▶ _INFORMATION PROVIDED_:
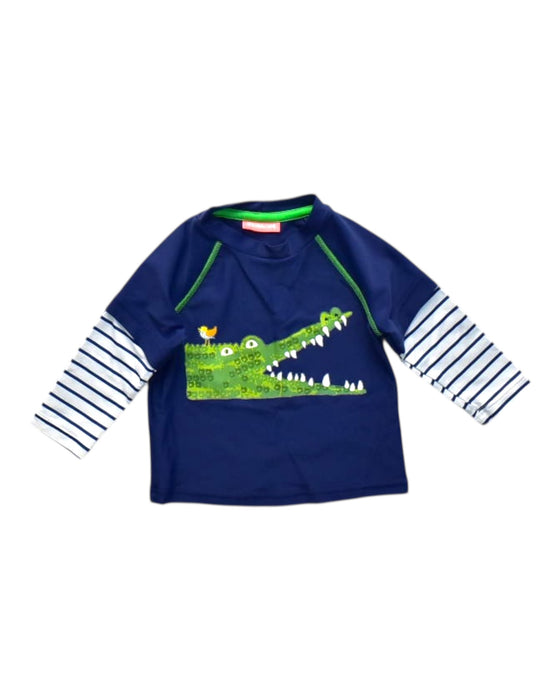A Navy Rash Guards from Sunuva in size 3-6M for boy. (Front View)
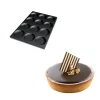 Moule Silicone|Moules À Gâteaux*SILIKOMART Moule Silicone 12 Fonds de Tarte Biscuit Ø12 x 2,2 cm 120ml Professional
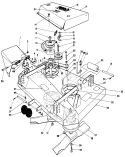Part Location Diagram of 54-7780 Toro Spindle Hsg Wa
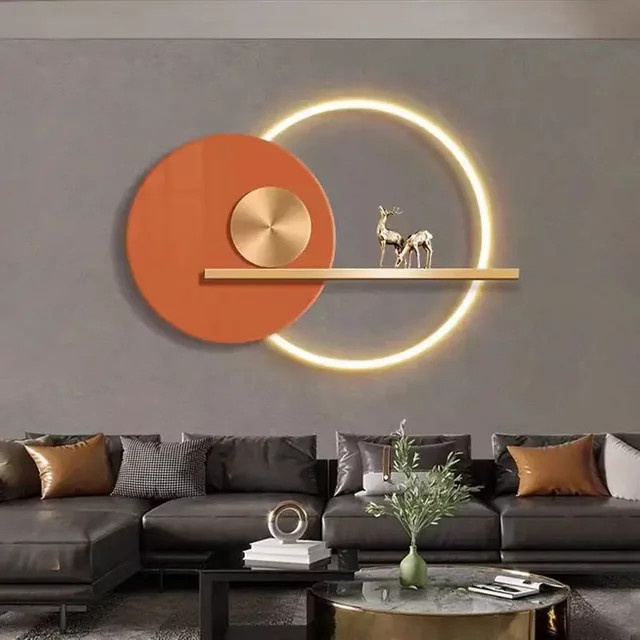 JIANKEXING LED Wandleuchte in Gold/Messing mit warmweißem Licht für Wohnzimmer, Schlafzimmer und Arbeitszimmer - Bild 1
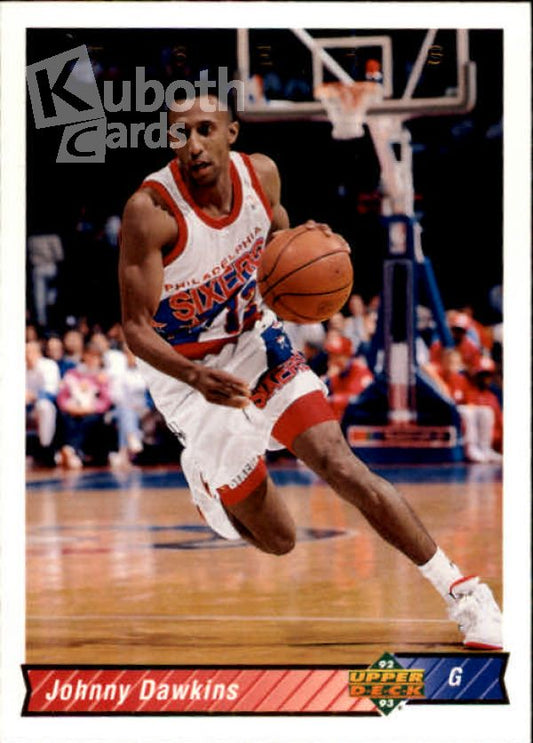 NBA 1992-93 Upper Deck - No 231 - Johnny Dawkins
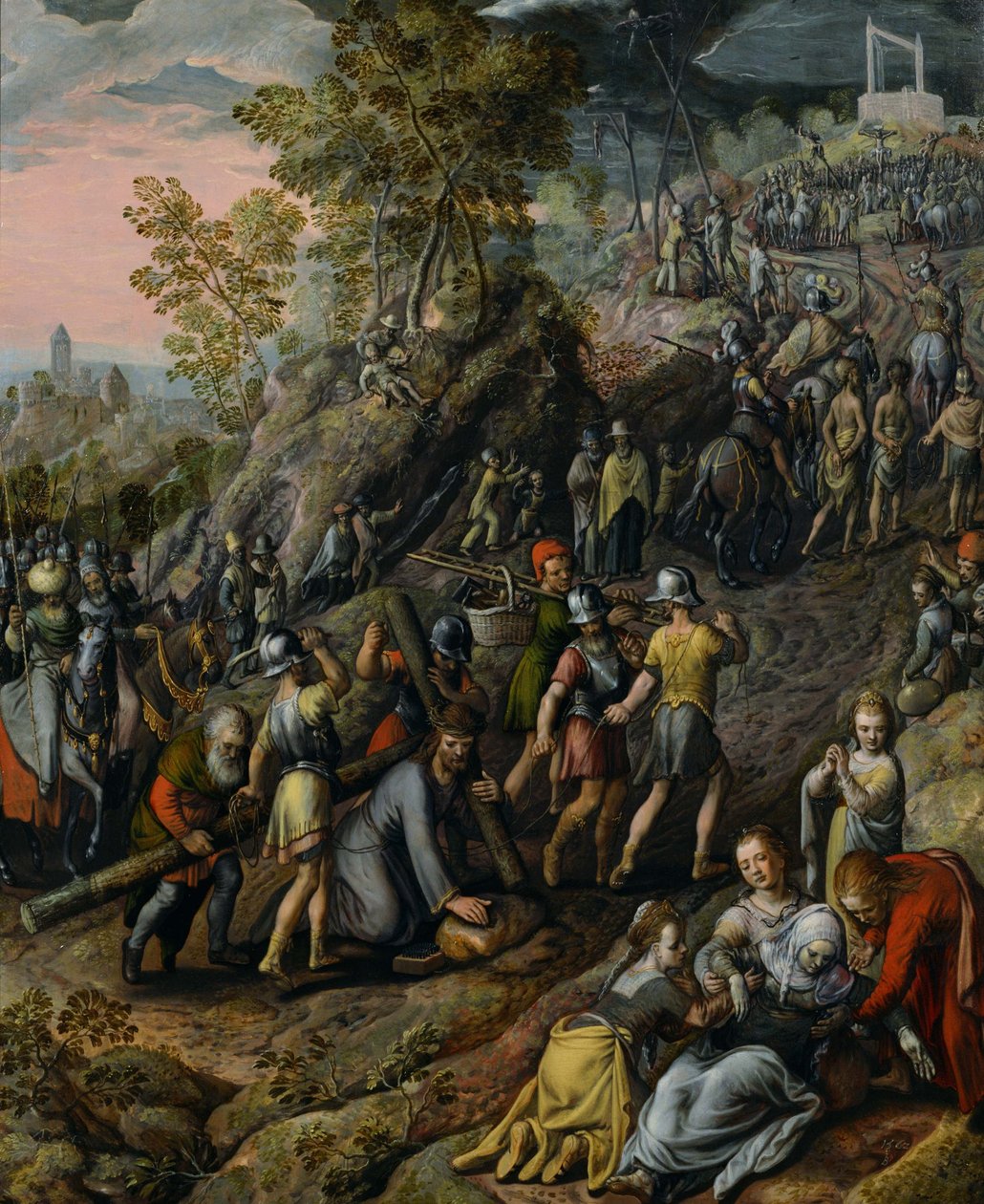 Kristus bærer korset af Joachim Beuckelaer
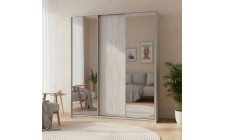 Шкаф купе Doros Сити Лайт Сосна Натти 1 ДСП / 2 зеркала 180х60х225 (DRS-011968)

▶ _WHAT THE TASK REQUIRES_: Please print the lines from the one holding "Moule Silicone|Moules À" through the end of the records above, unchanged and with the pictures left out.

▶ _WRITTEN RESPONSE_:
 Moule Silicone|Moules À Gâteaux*SILIKOMART Moule Silicone 12 Fonds de Tarte Biscuit Ø12 x 2,2 cm 120ml Professional
Part Location Diagram of 54-7780 Toro Spindle Hsg Wa
 JIANKEXING LED Wandleuchte in Gold/Messing mit warmweißem Licht für Wohnzimmer, Schlafzimmer und Arbeitszimmer - Bild 1
 NBA 1992-93 Upper Deck - No 231 - Johnny Dawkins
 Kristus bærer korset af Joachim Beuckelaer
 Шкаф купе Doros Сити Лайт Сосна Натти 1 ДСП / 2 зеркала 180х60х225 (DRS-011968)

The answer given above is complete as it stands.